## INSTRUCTIONS TO FOLLOW
Every line below from the one containing "Imagem de Penteadeira" through the one containing "Woonisher Classeur Anthracite" must be transcribed exactly. Omit all lines outside that stretch.

## DATA RECORDS
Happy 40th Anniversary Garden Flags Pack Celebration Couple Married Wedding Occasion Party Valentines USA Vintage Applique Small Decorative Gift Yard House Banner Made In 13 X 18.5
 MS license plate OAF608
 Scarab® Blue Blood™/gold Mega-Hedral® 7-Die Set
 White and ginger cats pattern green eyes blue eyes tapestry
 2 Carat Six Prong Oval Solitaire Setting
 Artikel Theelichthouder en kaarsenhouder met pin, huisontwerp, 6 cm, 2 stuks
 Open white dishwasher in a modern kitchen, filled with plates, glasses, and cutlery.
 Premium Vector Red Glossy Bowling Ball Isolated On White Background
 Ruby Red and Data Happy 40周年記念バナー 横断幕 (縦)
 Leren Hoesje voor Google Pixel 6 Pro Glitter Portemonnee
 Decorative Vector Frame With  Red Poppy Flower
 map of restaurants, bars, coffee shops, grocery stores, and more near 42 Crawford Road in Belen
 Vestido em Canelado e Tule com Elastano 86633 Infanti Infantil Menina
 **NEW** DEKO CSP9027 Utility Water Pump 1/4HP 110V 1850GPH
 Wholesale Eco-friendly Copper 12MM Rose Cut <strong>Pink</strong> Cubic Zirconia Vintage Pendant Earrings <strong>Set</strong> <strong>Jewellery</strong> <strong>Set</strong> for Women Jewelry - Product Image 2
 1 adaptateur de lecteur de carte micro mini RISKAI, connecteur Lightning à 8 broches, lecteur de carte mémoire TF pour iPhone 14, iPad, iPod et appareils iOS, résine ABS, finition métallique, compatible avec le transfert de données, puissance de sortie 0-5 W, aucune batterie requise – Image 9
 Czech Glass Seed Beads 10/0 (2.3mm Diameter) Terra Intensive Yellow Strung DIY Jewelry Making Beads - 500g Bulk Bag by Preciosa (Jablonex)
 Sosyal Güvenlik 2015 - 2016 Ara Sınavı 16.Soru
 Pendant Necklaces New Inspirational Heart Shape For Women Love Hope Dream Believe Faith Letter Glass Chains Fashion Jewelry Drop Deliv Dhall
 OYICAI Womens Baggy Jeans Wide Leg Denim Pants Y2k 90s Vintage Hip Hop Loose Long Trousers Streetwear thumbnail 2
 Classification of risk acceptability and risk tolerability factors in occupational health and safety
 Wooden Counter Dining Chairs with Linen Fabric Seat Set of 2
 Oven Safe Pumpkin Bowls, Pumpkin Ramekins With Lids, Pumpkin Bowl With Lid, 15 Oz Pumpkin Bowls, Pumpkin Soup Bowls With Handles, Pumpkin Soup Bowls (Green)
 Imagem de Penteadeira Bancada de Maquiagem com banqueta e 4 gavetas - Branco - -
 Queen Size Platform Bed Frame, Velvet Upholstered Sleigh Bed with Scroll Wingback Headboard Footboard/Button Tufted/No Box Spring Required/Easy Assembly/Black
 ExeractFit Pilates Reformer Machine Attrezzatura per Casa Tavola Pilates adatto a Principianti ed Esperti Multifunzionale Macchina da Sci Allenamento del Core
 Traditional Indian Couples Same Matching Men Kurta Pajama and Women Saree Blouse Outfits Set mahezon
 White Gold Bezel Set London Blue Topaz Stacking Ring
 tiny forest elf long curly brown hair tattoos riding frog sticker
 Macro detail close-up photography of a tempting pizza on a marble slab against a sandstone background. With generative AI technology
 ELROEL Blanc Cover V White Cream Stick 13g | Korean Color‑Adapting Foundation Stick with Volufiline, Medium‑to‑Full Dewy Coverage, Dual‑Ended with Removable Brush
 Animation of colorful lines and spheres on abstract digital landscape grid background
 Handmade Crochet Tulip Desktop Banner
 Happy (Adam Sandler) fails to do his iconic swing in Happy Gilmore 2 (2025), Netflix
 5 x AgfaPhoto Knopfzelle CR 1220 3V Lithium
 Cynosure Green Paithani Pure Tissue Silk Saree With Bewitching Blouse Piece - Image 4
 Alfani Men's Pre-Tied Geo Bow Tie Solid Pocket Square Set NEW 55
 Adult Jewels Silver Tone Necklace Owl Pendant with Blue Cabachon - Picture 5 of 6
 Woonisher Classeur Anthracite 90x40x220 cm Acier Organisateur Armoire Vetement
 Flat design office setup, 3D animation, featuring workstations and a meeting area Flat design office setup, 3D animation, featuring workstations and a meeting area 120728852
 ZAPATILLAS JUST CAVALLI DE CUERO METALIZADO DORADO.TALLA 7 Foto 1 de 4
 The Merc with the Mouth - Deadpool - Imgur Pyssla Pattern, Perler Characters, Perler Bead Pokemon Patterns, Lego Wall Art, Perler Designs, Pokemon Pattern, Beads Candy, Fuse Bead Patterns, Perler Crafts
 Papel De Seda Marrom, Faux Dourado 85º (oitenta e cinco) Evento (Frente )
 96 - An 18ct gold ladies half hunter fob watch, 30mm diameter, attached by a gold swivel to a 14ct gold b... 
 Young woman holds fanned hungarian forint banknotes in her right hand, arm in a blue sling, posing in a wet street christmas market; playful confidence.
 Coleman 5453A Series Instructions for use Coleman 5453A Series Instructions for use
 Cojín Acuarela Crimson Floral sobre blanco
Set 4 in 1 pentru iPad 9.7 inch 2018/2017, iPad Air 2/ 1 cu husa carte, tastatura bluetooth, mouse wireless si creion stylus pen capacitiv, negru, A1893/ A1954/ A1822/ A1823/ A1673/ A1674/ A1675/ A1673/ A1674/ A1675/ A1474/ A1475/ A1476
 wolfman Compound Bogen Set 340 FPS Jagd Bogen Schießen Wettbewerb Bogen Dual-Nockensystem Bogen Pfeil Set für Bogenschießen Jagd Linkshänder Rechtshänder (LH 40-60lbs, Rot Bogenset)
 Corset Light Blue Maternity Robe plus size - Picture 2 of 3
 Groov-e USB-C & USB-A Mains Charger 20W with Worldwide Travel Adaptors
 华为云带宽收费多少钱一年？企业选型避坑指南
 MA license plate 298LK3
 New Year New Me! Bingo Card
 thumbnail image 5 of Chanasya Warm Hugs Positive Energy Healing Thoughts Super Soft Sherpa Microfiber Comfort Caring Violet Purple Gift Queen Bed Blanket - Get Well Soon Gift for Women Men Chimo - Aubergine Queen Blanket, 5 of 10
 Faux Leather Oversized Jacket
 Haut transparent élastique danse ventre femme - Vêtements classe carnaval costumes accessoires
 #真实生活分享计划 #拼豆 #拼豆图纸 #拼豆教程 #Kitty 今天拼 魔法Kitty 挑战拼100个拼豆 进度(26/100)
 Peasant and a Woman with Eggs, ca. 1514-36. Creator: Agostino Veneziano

## ANSWER TO THE PROBLEM
 Imagem de Penteadeira Bancada de Maquiagem com banqueta e 4 gavetas - Branco - -
 Queen Size Platform Bed Frame, Velvet Upholstered Sleigh Bed with Scroll Wingback Headboard Footboard/Button Tufted/No Box Spring Required/Easy Assembly/Black
 ExeractFit Pilates Reformer Machine Attrezzatura per Casa Tavola Pilates adatto a Principianti ed Esperti Multifunzionale Macchina da Sci Allenamento del Core
 Traditional Indian Couples Same Matching Men Kurta Pajama and Women Saree Blouse Outfits Set mahezon
 White Gold Bezel Set London Blue Topaz Stacking Ring
 tiny forest elf long curly brown hair tattoos riding frog sticker
 Macro detail close-up photography of a tempting pizza on a marble slab against a sandstone background. With generative AI technology
 ELROEL Blanc Cover V White Cream Stick 13g | Korean Color‑Adapting Foundation Stick with Volufiline, Medium‑to‑Full Dewy Coverage, Dual‑Ended with Removable Brush
 Animation of colorful lines and spheres on abstract digital landscape grid background
 Handmade Crochet Tulip Desktop Banner
 Happy (Adam Sandler) fails to do his iconic swing in Happy Gilmore 2 (2025), Netflix
 5 x AgfaPhoto Knopfzelle CR 1220 3V Lithium
 Cynosure Green Paithani Pure Tissue Silk Saree With Bewitching Blouse Piece - Image 4
 Alfani Men's Pre-Tied Geo Bow Tie Solid Pocket Square Set NEW 55
 Adult Jewels Silver Tone Necklace Owl Pendant with Blue Cabachon - Picture 5 of 6
 Woonisher Classeur Anthracite 90x40x220 cm Acier Organisateur Armoire Vetement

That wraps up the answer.